If you’re just planning on doing a one-time analysis of the tweets you archived, you can simply export your Google sheet as a CSV file (specifically, the Archive page), and read it into R with read.csv or read_csv. However, if you want to keep the archive updating over time and check on it regularly with R (or maybe even build a Shiny App that automatically updates analyses and visualizations for you!), you’ll need to publish your sheet to the web. Go to File >> Publish to the web... and publish the Archive page to the web as a CSV file. Be sure to check the box to automatically republish when changes are made. That way, when your Google sheet downloads new Twitter content each hour, it will also update the public CSV file.

publishing a Google sheet to the web as a CSV file

When you click Publish, it will give you a URL. Simply copy that URL and paste it into R:

tweets <- read_csv('https://docs.google.com/spreadsheets/d/your-archive-page-id-here',
                   col_types = 'ccccccccccccciiccc')
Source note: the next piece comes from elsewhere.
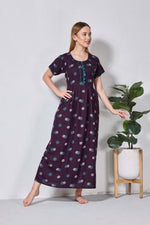 Alpine KURTHI Style Nighties| Fancy Half Sleeve | Zipless Model | Stylish Round Neck | Updated Collection's for Stylish Women AK (H/S)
The col_types will ensure that the long, numeric ID numbers import as characters, rather than convert to (rounded) scientific notation.

Now you have your data, updated every hour, accessible to your R script!
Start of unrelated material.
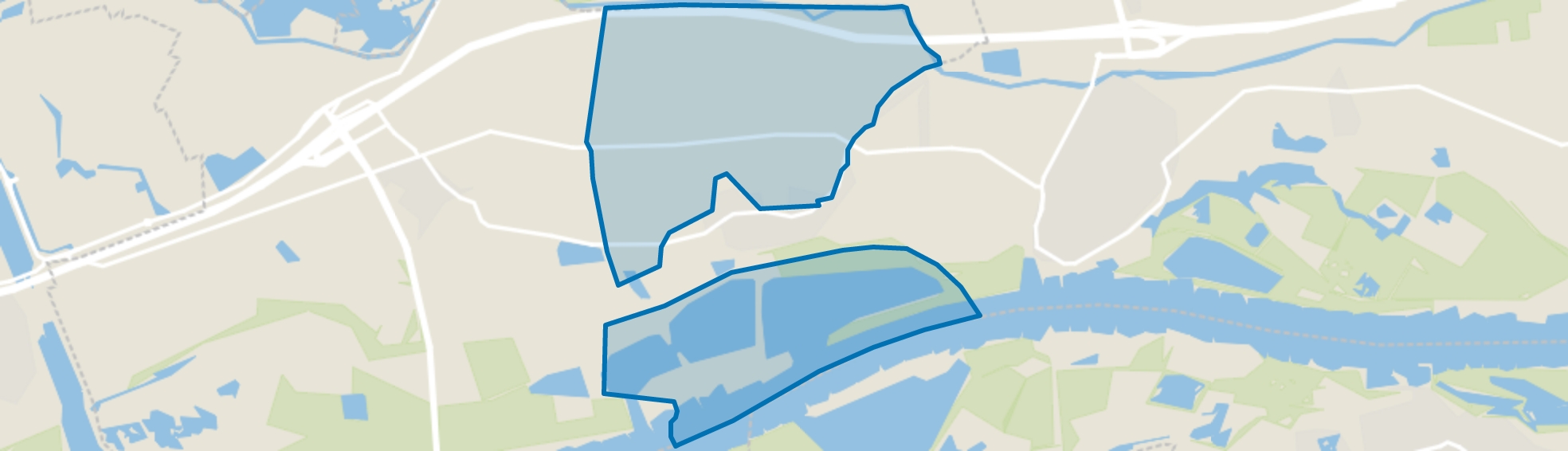 Verspreide huizen IJzendoorn, Echteld map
Mining the tweets with TidyText (and dplyr and tidyr)

One of my favorite tools for text mining in R is TidyText. It was developed by a friend from grad school, Julia Silge, in collaboration with her (now) Stack Overflow colleague, David Robinson. It’s a great extension to the TidyVerse data wrangling suite. (Also, you should pre-order their new book, Text Mining with R: A Tidy Approach.)

Let’s walk through some of the things you can do with your Twitter archive using TidyText (and the TidyVerse in general). As an example, I’ll reference my growing collection of tweets with the hashtag #americafirst. (Note that though the tweets are technically public, I want to protect user privacy, so I won’t be linking to my Google sheet here or providing anything other than aggregate results. If you want, you can reproduce the study with the code, though it will return a later batch of tweets.)

First, load the necessary libraries, import the data from your Google sheet, and append an R-friendly date column.

library(tidyverse)
library(tidytext)
library(lubridate)
library(stringr)
library(httr)

google_sheet_csv <- '' #insert URL of published CSV file from TAGS archive Google sheet
tweets <- read_csv(google_sheet_csv,
                   col_types = 'ccccccccccccciiccc') %>%
  mutate(date = mdy(paste(substring(created_at, 5, 10), substring(created_at, 27 ,30))))

source_text <- '#americafirst'
minimum_occurrences <- 5 # minimum number of occurrences to include in output

This will give you a tibble (a tidy data frame) where each row is a tweet, and each column contains (meta)data for that tweet. I’ve also declared two variables that will help out in the parsing later.

To find the most frequent words, hashtags, or Twitter handles in the archive, we can pretty much lift the code out of Julia and David’s ebook:

reg_words <- "([^A-Za-z_\\d#@']|'(?![A-Za-z_\\d#@]))"
tidy_tweets <- tweets %>%
  filter(!str_detect(text, "^RT")) %>%
  mutate(text = str_replace_all(text, "https://t.co/[A-Za-z\\d]+|http://[A-Za-z\\d]+|&amp;|&lt;|&gt;|RT|https", "")) %>%
  unnest_tokens(word, text, token = "regex", pattern = reg_words) %>%
  filter(!word %in% stop_words$word,
         str_detect(word, "[a-z]"))

This snippet of code filters out any tweets whose text begins with RT (retweets; delete or comment out that line to keep retweets in), removes URLs and certain characters that signal something other than natural language text from the tweets, and tokenizes the tweets into words. That means splitting the text by spaces, removing punctuation, converting all letters to lower-case, etc., and then applying all of the metadata for the tweet to each individual word. A tweet with 10 words is a single record in the tweets data frame, but after tokenizing will result in 10 records in the new tidy_tweets data frame, each with a different word, but identical metadata. After tokenizing, we filter out any records where the word is contained in a list of stop words (a, an, the, of, etc.) or where the “word” contains no letters (i.e., raw numbers).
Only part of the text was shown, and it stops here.